The expiring May contract has rallied nearly 700 points over the last eight sessions, as procrastinators on the short side were forced to pay dearly for their way out. Not only did May close at a contract high today, but the entire board has inverted this week, all the way out to the March contract. As recently as April 10 the May contract had traded at more than 200 points carry to July and now it is at a 100-point inversion!
This price action serves as a warning shot to the many trade shorts that remain in the July contract. Open interest in July was at 12.81 million bales this morning, which is the highest number ever at this date. Only the 2007/08-season comes close with 12.71 million bales.

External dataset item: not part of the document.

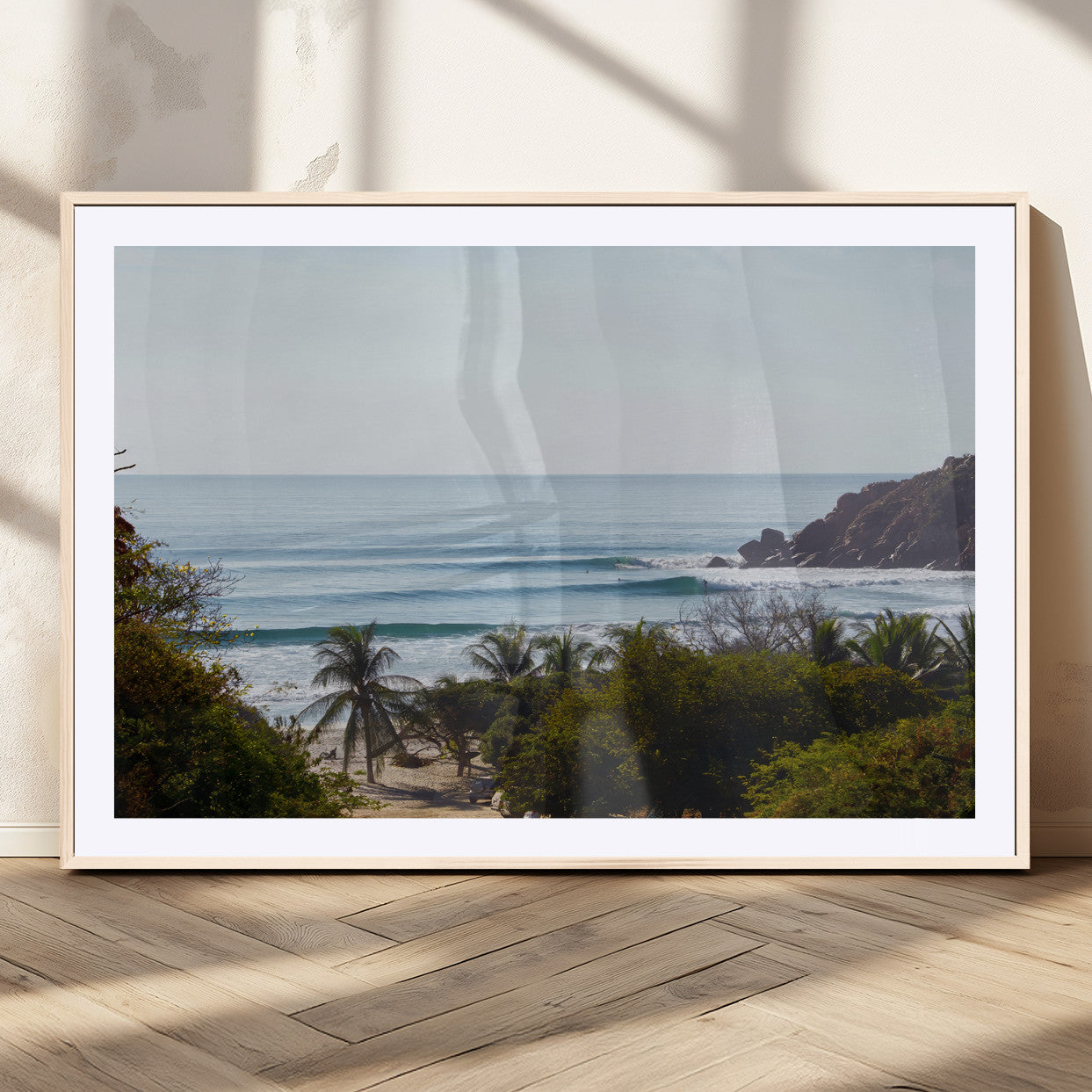 View of calm ocean waves with palm trees and a tropical coastline, ideal for coastal boho or beach-themed wall decor.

About a third of this open interest is tied to unfixed on-call sales, which still amounted to 4.27 million bales on July at the end of last week.
The big question is whether the trade can once again count on speculators to provide the necessary sell-side liquidity for an orderly liquidation. Trade shorts got lucky last month when speculators liquidated close to 5 million bales net, which equated to a ‘Get Out of Jail Free’ card. But as we discussed last week, this spec flush out and accompanying price break may have led to complacency among traders and they are now finding themselves once again at the mercy of spec longs.
The latest Commitment of Traders report showed specs at 8.4 million bales net long as of April 11, down from a record high of 12.1 million bales in March, but there has been additional spec long liquidation in the two sessions leading up to the Easter break. We therefore estimate that specs were down to around 7.0-7.5 million bales net long at the beginning of this week.
While some analysts feel that speculators will continue to get out of cotton, the strong showing of the market this week may actually convince them to take another look at the long side. With the 14-month uptrend still in force, with May closing at a contract high and with an inverted board, it seems more likely that specs would either hold on or add to their longs than get out.    
US export sales once again beat most expectations as they amounted to a combined 355,300 running bales of Upland and Pima cotton for both marketing years combined. Participation continued strong with 17 markets buying and 21 destinations receiving shipments of 367,200 running bales. For the current season commitments have now reached 14.15 million statistical bales, of which 9.9 million bales have so far been exported. Sales for August onwards are at 2.25 million statistical bales.
We believe that there are now less than a million bales remaining for sale in the US, including the certified stock of around 300,000 bales. Export sales are therefore going to drop to a trickle over the coming weeks and expectations need to be lowered accordingly.
So where do we go from here? The fireworks in the May contract are probably over, since we started the day with just 6,030 contracts open and there were an estimated 5,660 Mays traded today. In other words there won’t be a lot left to liquidate! It also looks like the certified stock, or at least most of it, won’t change hands during the upcoming notice period.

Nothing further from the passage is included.